Após esse registro, retomo a análise de uma política que é, em meu sentir, responsável por fatos como os acima relatados. A política, não fossem rastros de violências que ela deixou, poderia defini-la como um imenso vazio. Quase nada se fez, em 2015, no tocante às demarcações de terras, à exceção de sete áreas homologadas, sendo seis no estado do Amazonas, sob as quais não havia conflitos e litígios, e uma área no estado do Pará. Esta última só foi assinada porque se tratava de condicionante imposta para a construção da usina de Belo Monte. No que se refere a outros aspectos da política pode-se, igualmente, constatar a falta de ações estratégicas e de investimentos para a consolidação dos direitos indígenas.
A política indigenista foi, evidentemente, afetada pela crise econômica, jurídica e política que se impôs no Brasil ao longo de todo o ano. As instituições públicas acabaram, em alguma medida, implicadas, uma vez que as principais autoridades do país foram colocadas sob suspeição – presidente da República e seu vice, os presidentes da Câmara dos Deputados e do Senado Federal. Investigações da Polícia Federal e do Ministério Público dão conta da existência de um amplo esquema de corrupção, do qual participam centenas de parlamentares e servidores públicos.
Como em anos anteriores, verificou-se em 2015 a omissão do governo federal com a questão indígena, dada a baixíssima execução orçamentária nas ações voltadas para os povos indígenas. Na ação denominada “Delimitação, Demarcação e Regularização de Terras Indígenas”, até o início do mês de novembro, dos pouco mais de R$ 18 milhões previstos no orçamento, só foram liquidados pouco mais de R$ 2 milhões e 600 mil. Não foi usado nenhum centavo dos R$ 5 milhões previstos para “Indenização aos atuais possuidores de Títulos das áreas sob Demarcação Indígena”, nem dos R$ 30 milhões previstos para “Indenização para Solução de Conflitos Indígenas”.

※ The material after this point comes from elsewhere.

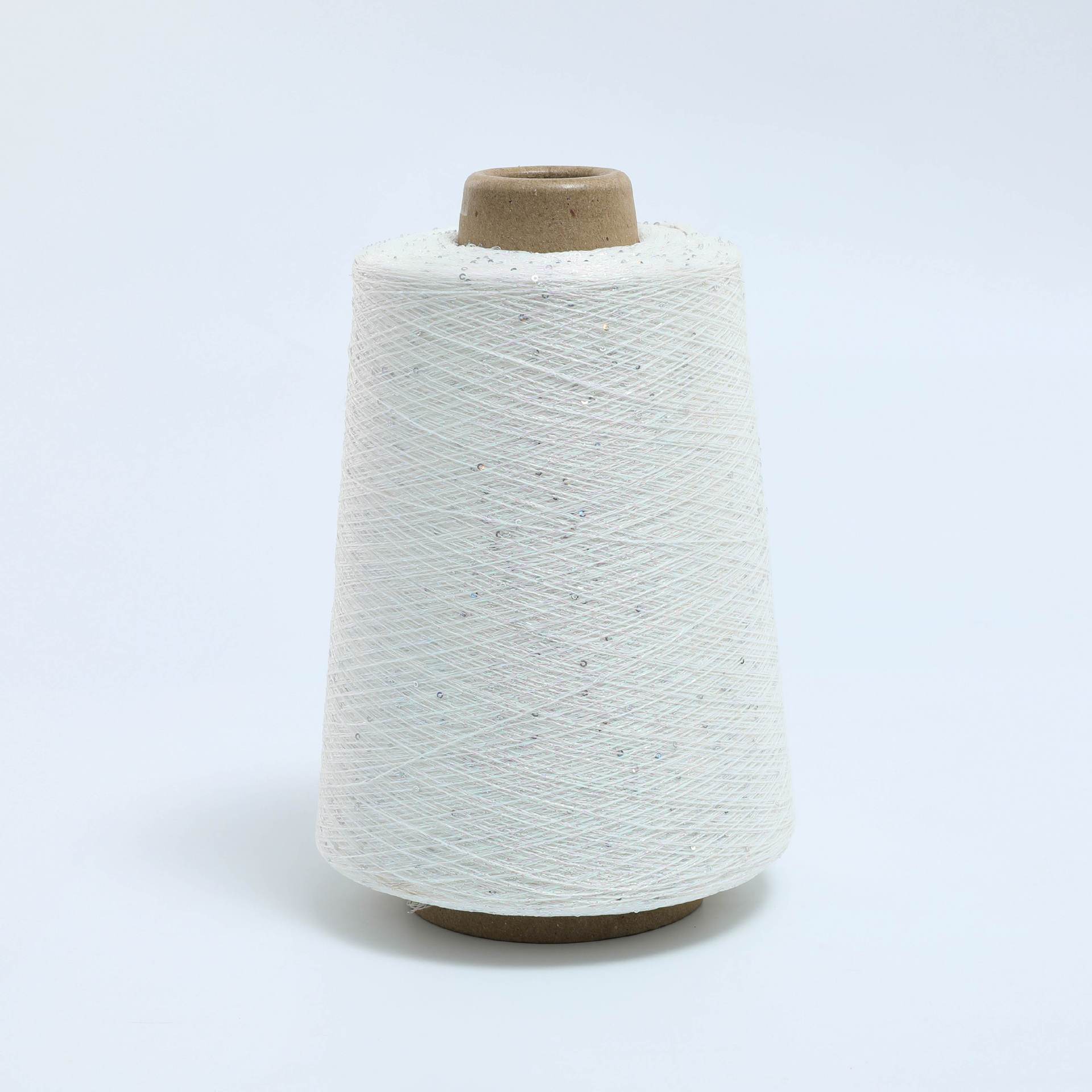 스팽글 화이트 컬러풀 1kg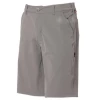 Couleur : Charcoal Short GAFF 11" par Grundéns, Charcoal - Taille 34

A crise gerou insegurança política, jurídica, na governabilidade e afetou drasticamente a economia, impondo, especialmente aos trabalhadores e às camadas mais pobres e vulneráveis da população, a insegurança quanto ao cotidiano da vida, refletida em ameaças de desemprego, preços dos alimentos e dos vestuários em elevação, inflação crescente, o aumento de impostos, a recessão e a precariedade na assistência em educação, saúde e segurança.
É também a partir deste contexto que se deve avaliar a atuação do governo federal no que tange às políticas para indígenas, quilombolas e outros grupos ou comunidades tradicionais. Com a crise institucional, o governo, que já era omisso no que tange aos direitos indígenas e quilombolas, tornou-se ainda mais omisso. Em função disso, as violências praticadas contra os povos indígenas intensificaram-se em todo o país. Na ausência do poder estatal, a orientação política acabou sendo dada por aqueles setores da economia que ambicionam a exploração das terras. Terras que para os povos indígenas e quilombolas são base de sustentação física e cultural, enquanto que para esses setores são atrativas em função de suas potencialidades, tendo em vista a geração de energia hidráulica, exploração de minérios, expansão da agricultura – especialmente de soja, milho, cana-de-açúcar – e da pecuária.
As terras indígenas têm sido vistas como uma nova fronteira para a expansão da produção de grãos e de carne e aqueles que as habitam tradicionalmente são considerados entraves, no entendimento dos setores dominantes. Os povos indígenas são vistos como um “problema”, na medida em que atrapalham os planos de expansão produtiva e de um suposto desenvolvimento econômico.
O governo federal, dobrando-se à concepção desenvolvimentista, tomou a decisão de paralisar as demarcações das terras reivindicadas pelos povos ainda no ano de 2013 e manteve-se, em 2015, inoperante.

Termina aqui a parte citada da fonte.